** EXERCISE REQUIREMENTS **
Below are the entries. Transcribe exactly the lines from the one with "Bộ 3 nồi inox" through the one with "Laptophoes 13,3 inch", ends included, and leave out all others.

** DATA SUPPLIED **
==*==

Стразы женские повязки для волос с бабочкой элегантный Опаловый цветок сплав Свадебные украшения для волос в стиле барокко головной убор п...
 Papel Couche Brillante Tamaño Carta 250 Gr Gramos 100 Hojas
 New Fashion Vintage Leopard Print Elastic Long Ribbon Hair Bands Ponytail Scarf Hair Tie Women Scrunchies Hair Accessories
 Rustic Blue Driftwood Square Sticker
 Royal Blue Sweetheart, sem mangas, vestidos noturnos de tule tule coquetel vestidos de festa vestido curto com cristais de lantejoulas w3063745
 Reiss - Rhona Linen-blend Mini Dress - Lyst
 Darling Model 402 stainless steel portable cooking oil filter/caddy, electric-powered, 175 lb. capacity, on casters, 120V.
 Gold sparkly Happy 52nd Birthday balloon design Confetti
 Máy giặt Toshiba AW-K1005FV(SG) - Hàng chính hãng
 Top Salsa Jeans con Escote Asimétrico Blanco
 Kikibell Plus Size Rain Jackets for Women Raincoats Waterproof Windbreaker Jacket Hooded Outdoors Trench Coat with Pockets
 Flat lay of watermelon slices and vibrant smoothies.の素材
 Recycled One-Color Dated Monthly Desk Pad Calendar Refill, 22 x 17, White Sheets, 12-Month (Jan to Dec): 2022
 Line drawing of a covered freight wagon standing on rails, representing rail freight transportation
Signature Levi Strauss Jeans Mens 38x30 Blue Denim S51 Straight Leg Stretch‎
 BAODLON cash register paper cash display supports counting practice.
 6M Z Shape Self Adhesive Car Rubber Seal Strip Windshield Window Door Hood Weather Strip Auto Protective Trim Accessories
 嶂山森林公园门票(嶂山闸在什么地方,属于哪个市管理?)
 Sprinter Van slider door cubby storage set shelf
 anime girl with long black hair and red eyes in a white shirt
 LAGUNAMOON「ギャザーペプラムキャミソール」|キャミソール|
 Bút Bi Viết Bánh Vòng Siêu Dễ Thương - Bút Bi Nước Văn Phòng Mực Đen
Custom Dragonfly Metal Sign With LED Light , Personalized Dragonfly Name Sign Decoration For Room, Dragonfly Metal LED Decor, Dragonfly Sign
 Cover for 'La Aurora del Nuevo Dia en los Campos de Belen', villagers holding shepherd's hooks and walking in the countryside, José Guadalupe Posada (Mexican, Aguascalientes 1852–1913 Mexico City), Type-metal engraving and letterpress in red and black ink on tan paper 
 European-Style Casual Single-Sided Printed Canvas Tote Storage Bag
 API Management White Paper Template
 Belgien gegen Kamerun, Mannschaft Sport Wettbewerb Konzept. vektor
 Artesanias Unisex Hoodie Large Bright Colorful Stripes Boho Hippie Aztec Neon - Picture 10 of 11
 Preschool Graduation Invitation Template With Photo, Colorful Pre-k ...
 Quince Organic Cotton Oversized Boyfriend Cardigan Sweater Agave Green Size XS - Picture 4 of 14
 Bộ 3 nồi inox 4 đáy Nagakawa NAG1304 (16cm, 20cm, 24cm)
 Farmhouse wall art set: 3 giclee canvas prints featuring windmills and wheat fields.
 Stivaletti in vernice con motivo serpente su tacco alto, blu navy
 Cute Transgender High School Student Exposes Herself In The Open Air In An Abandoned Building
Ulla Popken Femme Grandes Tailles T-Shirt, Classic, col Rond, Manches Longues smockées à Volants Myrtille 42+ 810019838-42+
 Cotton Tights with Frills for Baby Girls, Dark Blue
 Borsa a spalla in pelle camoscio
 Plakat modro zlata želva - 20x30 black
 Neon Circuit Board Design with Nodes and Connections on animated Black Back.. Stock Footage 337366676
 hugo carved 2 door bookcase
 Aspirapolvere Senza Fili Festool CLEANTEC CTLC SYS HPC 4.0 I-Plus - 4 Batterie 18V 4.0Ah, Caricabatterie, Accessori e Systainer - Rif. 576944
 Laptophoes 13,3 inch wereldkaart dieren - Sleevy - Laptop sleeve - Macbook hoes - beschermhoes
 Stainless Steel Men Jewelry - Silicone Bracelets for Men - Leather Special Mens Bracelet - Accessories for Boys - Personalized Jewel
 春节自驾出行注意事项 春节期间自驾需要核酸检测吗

==*==

** SOLUTION **
 Bộ 3 nồi inox 4 đáy Nagakawa NAG1304 (16cm, 20cm, 24cm)
 Farmhouse wall art set: 3 giclee canvas prints featuring windmills and wheat fields.
 Stivaletti in vernice con motivo serpente su tacco alto, blu navy
 Cute Transgender High School Student Exposes Herself In The Open Air In An Abandoned Building
Ulla Popken Femme Grandes Tailles T-Shirt, Classic, col Rond, Manches Longues smockées à Volants Myrtille 42+ 810019838-42+
 Cotton Tights with Frills for Baby Girls, Dark Blue
 Borsa a spalla in pelle camoscio
 Plakat modro zlata želva - 20x30 black
 Neon Circuit Board Design with Nodes and Connections on animated Black Back.. Stock Footage 337366676
 hugo carved 2 door bookcase
 Aspirapolvere Senza Fili Festool CLEANTEC CTLC SYS HPC 4.0 I-Plus - 4 Batterie 18V 4.0Ah, Caricabatterie, Accessori e Systainer - Rif. 576944
 Laptophoes 13,3 inch wereldkaart dieren - Sleevy - Laptop sleeve - Macbook hoes - beschermhoes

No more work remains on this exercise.